Why you did it?
This was one of the project in Real-time data analysis class taught by Eric Tangedahl and Joel Henry. I enrolled in the class as a graduate student from Computer Science department, this is an independent study offered by CS professor Jeol Henry. In this project, I need to take the feeds of stock price from Yahoo, and write models to do the time series analysis, and make decision of buy/sell decisions by comparing the value returned by the model and the real value from Yahoo stock.
What it does?
First, it will grab stock price data from yahoo stock, and get rid of the information we are not intersted. There are two models in the project called moving average and exponential smoothing which do the time series analysis job and return a forecasting value.
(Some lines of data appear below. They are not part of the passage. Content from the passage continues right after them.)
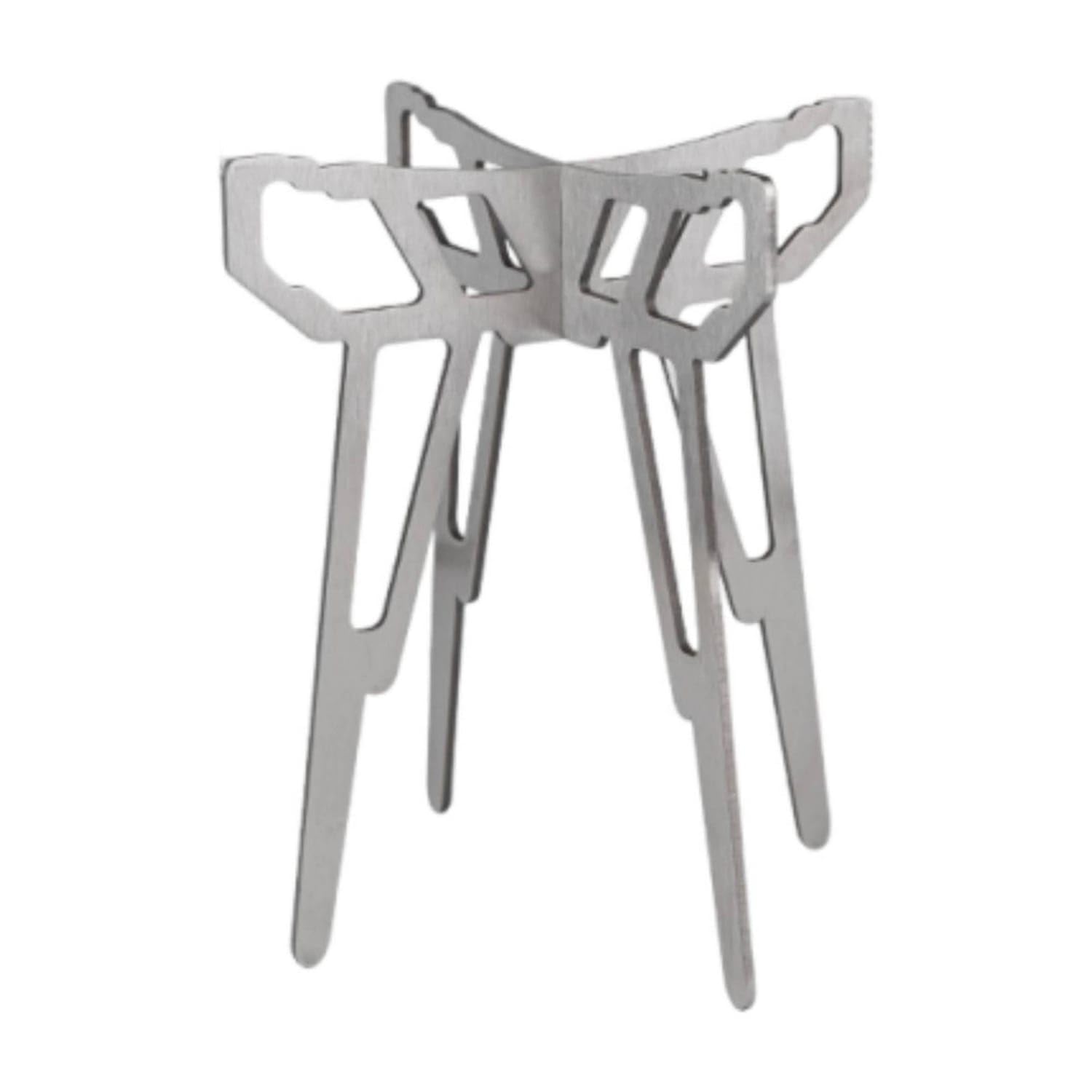 Lightweight Stainless Steel Fire Fire Bowl Base Base Compact Foldable Fire Fire Bowl Base Stand Portable Sturdy for Campers, Backpackers, Camping, Barbecue, Backyard, Ss Fire Pit-image-2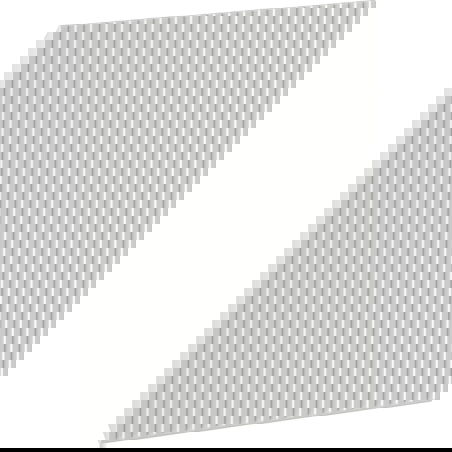 Mexen Rivel priekinė plokštė rifliuota, skirta vonios spintelės korpusui, 30 x 43,5 cm, pilkai matinė - 91A21-0300-470-1-62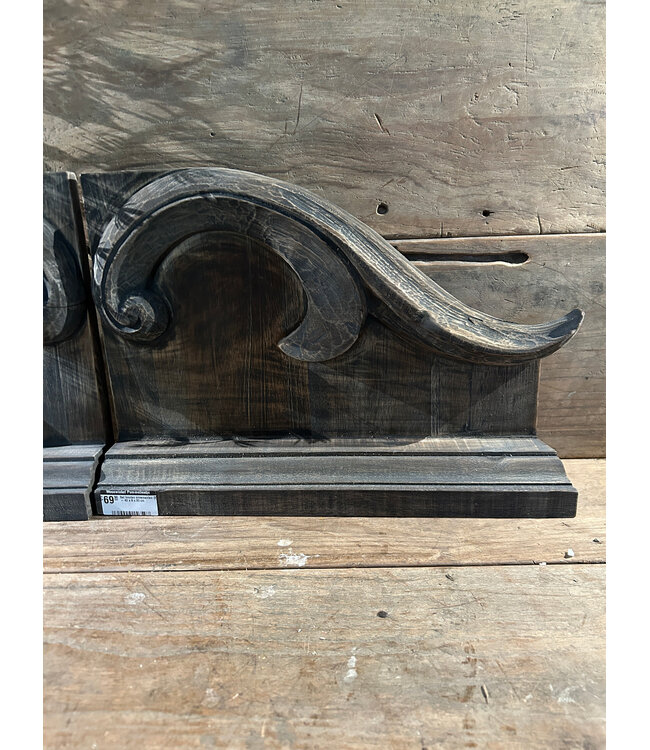 Set houten ornamenten (3) - 42 x 8 x 20 cm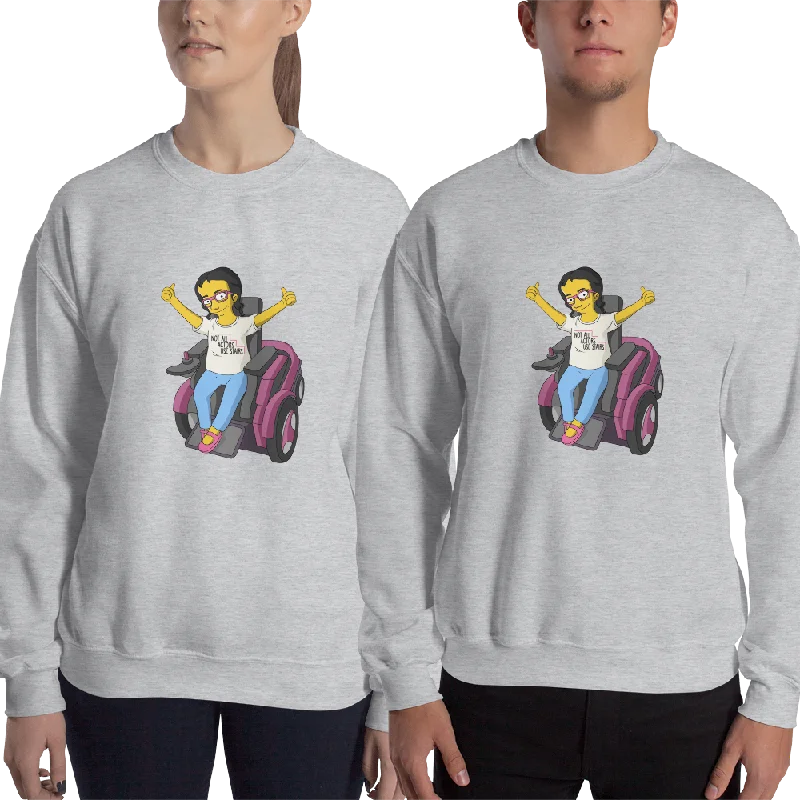 Logo HoodiesEsperanza From Raising Dion (Yellow Cartoon) Not All Actors Use Stairs Sweatshirt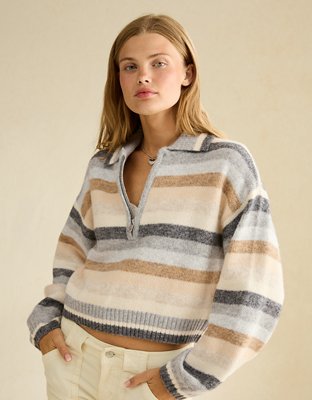 AE Snow Stopper Half-Zip Sweater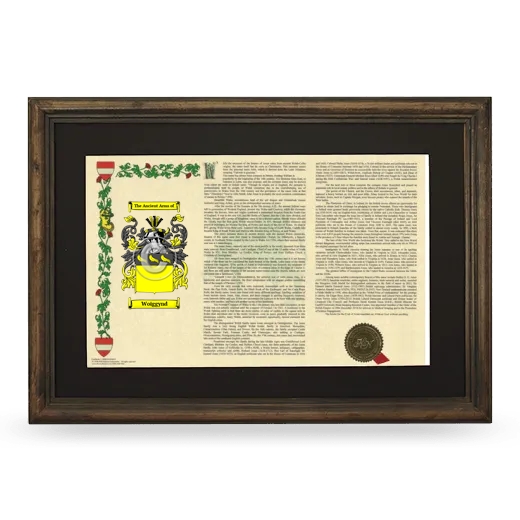 Woiggynd Deluxe Armorial Landscape Framed - Brown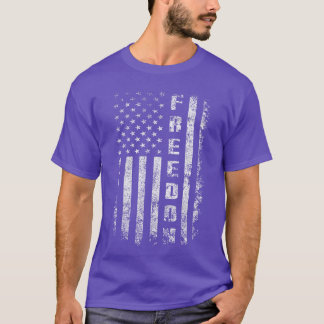 Camisas Liberdade Bandeira EUA para Mulheres Homen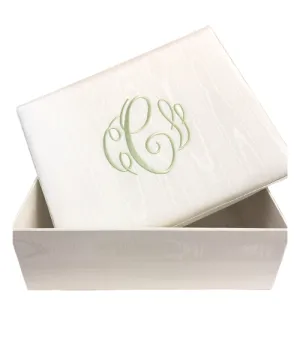Large Bridal Keepsake Box in Elegant Moir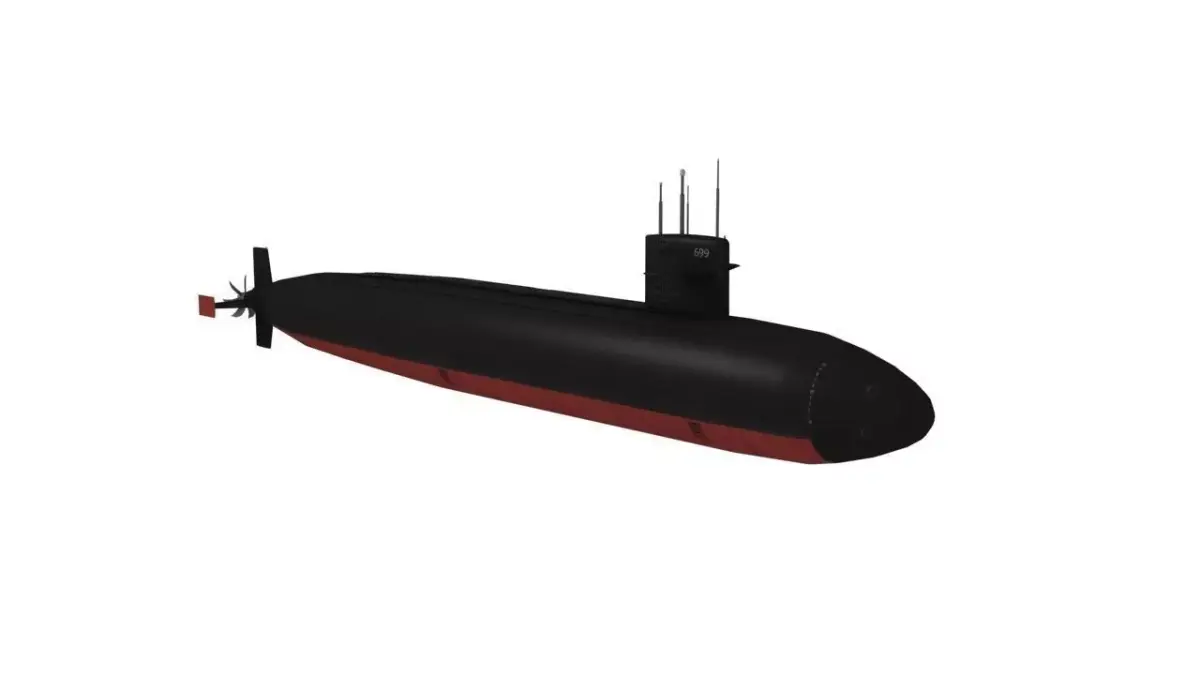 USS Jacksonville SSN-699 Low-poly 3D model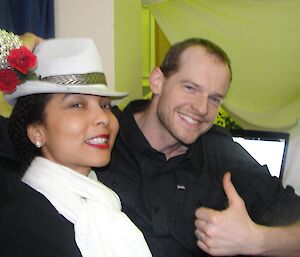 Sheri and Mike enjoying the afternoon at Casey race day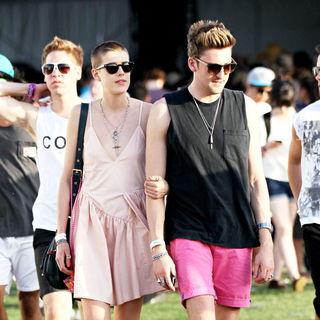 Agyness Deyn, Nick Grimshaw in The 2010 Coachella Valley Music and Arts Festival - Day 1
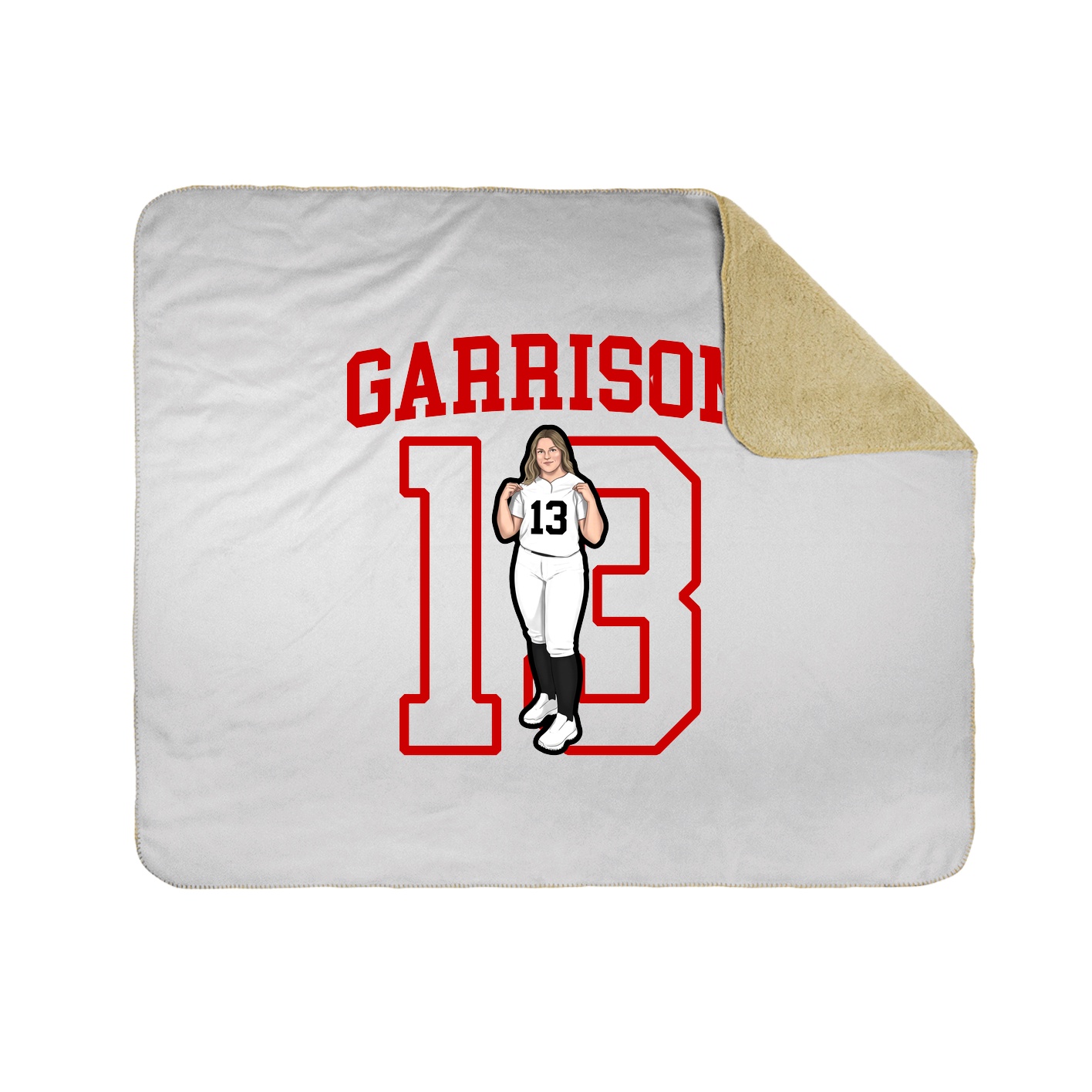 Throw Blanket — Shirsey in White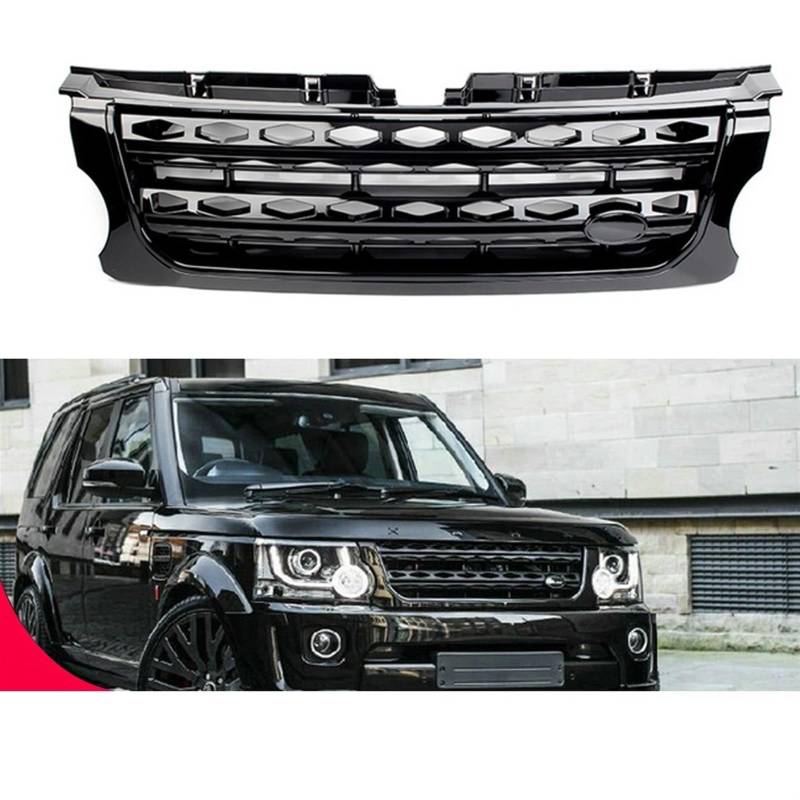 FrontstoßStange Auto Frontgrill Honeycomb Mesh Grille Für Land Für Rover Für Discovery 4 LR4 2014-2016(Verison 2) von Generisch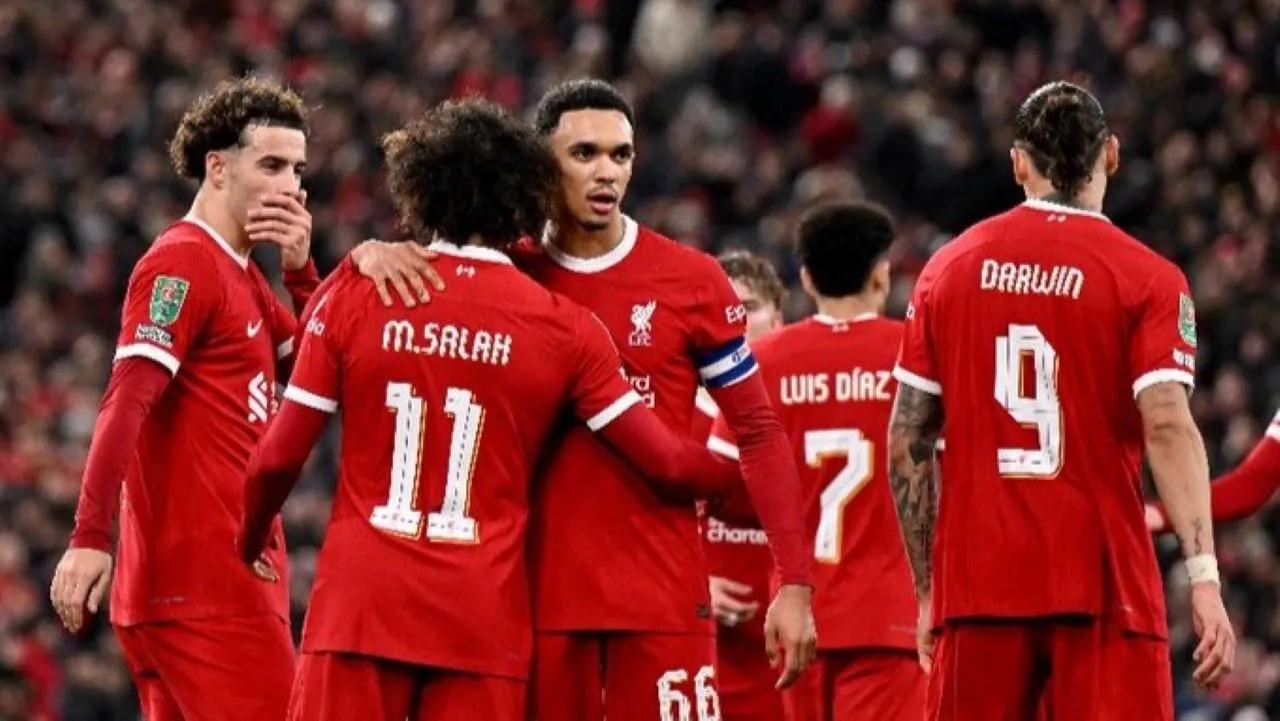 Pemain Liverpool di Liga Inggris 2023/2024, Twitter Liverpool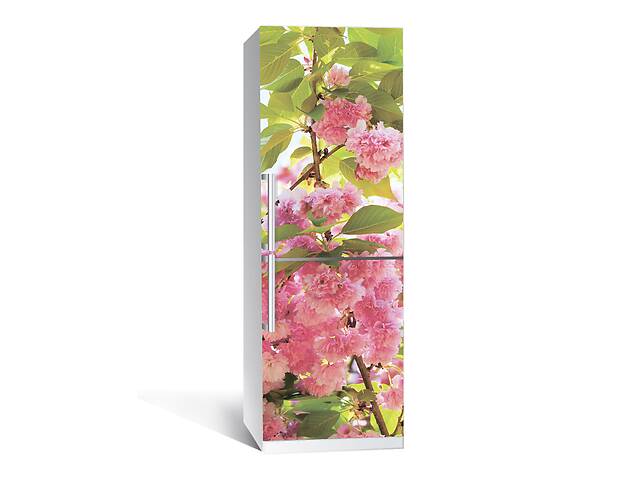 Наклейка на холодильник Zatarga Цветение 01 Розовый (Z180079)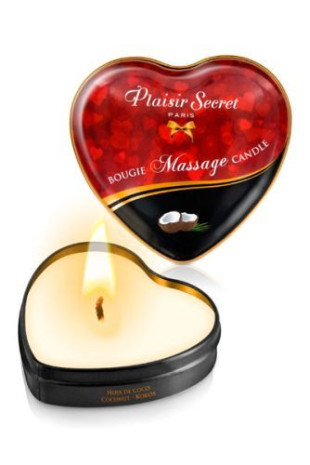Массажная свеча с ароматом кокоса Bougie Massage Candle - 35 мл. (Plaisir Secret 826065)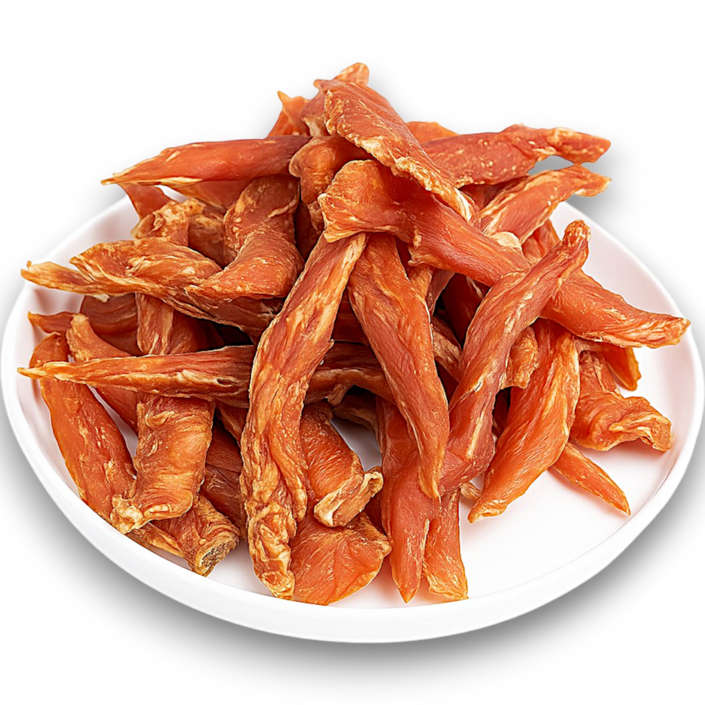 국내산 강아지 수제 간식 닭가슴살 100g  750g 대용량 반려동물 치석제거 육포 개맛도리, 750g, 3개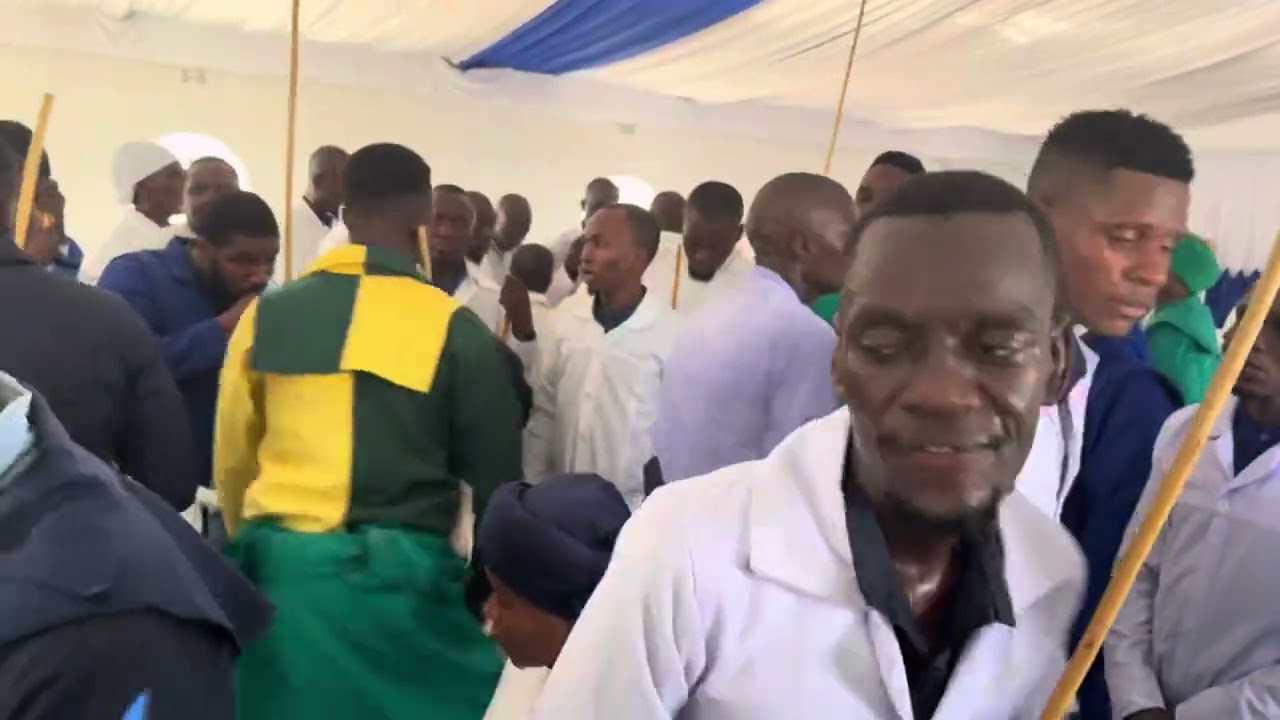 After ordination, Holy Bontle Apostolic Church in Zion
The forecasting value will be compared with the real value and the program gives an advise about whether to sell stock or buy stock according to the result of comparison. There are two option for the output in the program: to sink to a file or to print to the console.
How you built it?
I used ACM_Source to grab data from yahoo finance api, and the stream data goes to a ACM_Splitter operator which retrieves those fields we are interested in. Then I have a user defined operator which is implemented in Java.
In the user defined operator, I implemented two time series analysis models, the moving average and exponential smoothing. For the moving average, I just calculate the sum of all numbers in the cache and return the average as forecasting value from the model.
For exponential smoothing, I defined a coefficient and use the formula of exponential smoothing to get the forecasting value.
For making the decision of buy and sell, I compare the forecasting value with the actual value. A buy decision will be suggested when the forecasting value goes lower than the actual value, other wise a sell decision will be made. I also set a difference threshold when the difference of the two price value cannot pass the threshold, the program sends a wait decision instead.
For the output, I use a FileSink operator which sinks all the output to a file. I also use a ScreenOut operator to output the decisions to the console.
What did you learn?
In this project, I learned how to use IBM InfoSphere Streams to do the stream data analysis. I learned what is time series analysis, how moving average and exponential smoothing work and how to implement them. I learn how to develop user defined operators in InfoSphere Streams.